Bot and agent trust management is not a replacement for payment fraud tools, identity verification, or SOC operations. It is a detection and governance layer. Before committing to a platform, confirm how it surfaces session data to your SIEM, fraud platform, or operations dashboard.
Frequently Asked Questions
What is bot and agent trust management software?
Bot and agent trust management software identifies and analyses the intent of automated traffic directed at an application, establishing ongoing trust relationships with legitimate bots and AI agents while blocking or misdirecting malicious ones. Forrester formalised the category name in Q4 2025, reflecting the shift from binary bot blocking to governing mixed human and AI traffic environments.
What is the difference between network-layer and browser-layer agent detection?
Network-layer detection inspects HTTP headers, IP addresses, TLS fingerprints, and user-agent strings before a request reaches the application. Browser-layer detection runs inside the page, observing UI interaction patterns, timing anomalies, fingerprint consistency, and session-level network request sequences. Network tools cannot see what an agent does once it is inside a live page. Browser-layer tools can.
Which vendors are named in the Forrester Bot and Agent Trust Management Software Landscape?
The Forrester Bot and Agent Trust Management Software Landscape Q4 2025 named several vendors in the category, including DataDome and Arkose Labs as confirmed inclusions. Access to the full landscape requires a Forrester subscription. The category definition is publicly available on the Forrester blog.
Does bot and agent trust management software replace my existing bot protection?
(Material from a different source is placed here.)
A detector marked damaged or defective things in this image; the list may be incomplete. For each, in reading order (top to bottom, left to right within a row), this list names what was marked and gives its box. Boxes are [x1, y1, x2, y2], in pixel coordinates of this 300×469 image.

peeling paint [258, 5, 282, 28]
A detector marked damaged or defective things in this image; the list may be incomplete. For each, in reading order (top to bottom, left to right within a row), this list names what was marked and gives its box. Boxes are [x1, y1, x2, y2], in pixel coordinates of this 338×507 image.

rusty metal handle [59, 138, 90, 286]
Not necessarily. Some platforms such as DataDome Agent Trust are extensions of existing bot protection products, adding agent classification on top of network-layer bot blocking. Others such as cside operate at the browser layer and complement rather than replace network-layer tools. The right architecture depends on whether your threat model includes agents that mimic human browser sessions.
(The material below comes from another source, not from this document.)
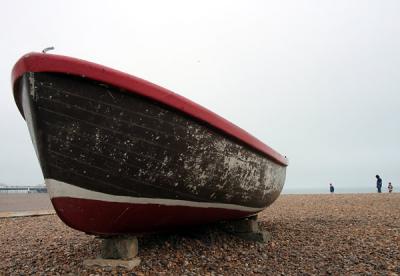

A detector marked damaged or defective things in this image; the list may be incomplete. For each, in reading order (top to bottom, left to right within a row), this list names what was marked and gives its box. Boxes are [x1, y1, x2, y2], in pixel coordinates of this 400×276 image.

peeling paint on hull [14, 71, 284, 235]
What should a CISO evaluate when choosing a bot and agent trust management platform?
Five questions matter most: (1) Does the platform detect agents that mimic human browser sessions, not just self-identifying crawlers? (2) Can it classify agent intent rather than just agent origin? (3) Does it provide per-page governance for high-risk surfaces like checkout and login? (4) Can it allow verified shopping agents through while blocking unverified ones? (5) Does it integrate with your existing fraud operations stack without requiring a full replacement?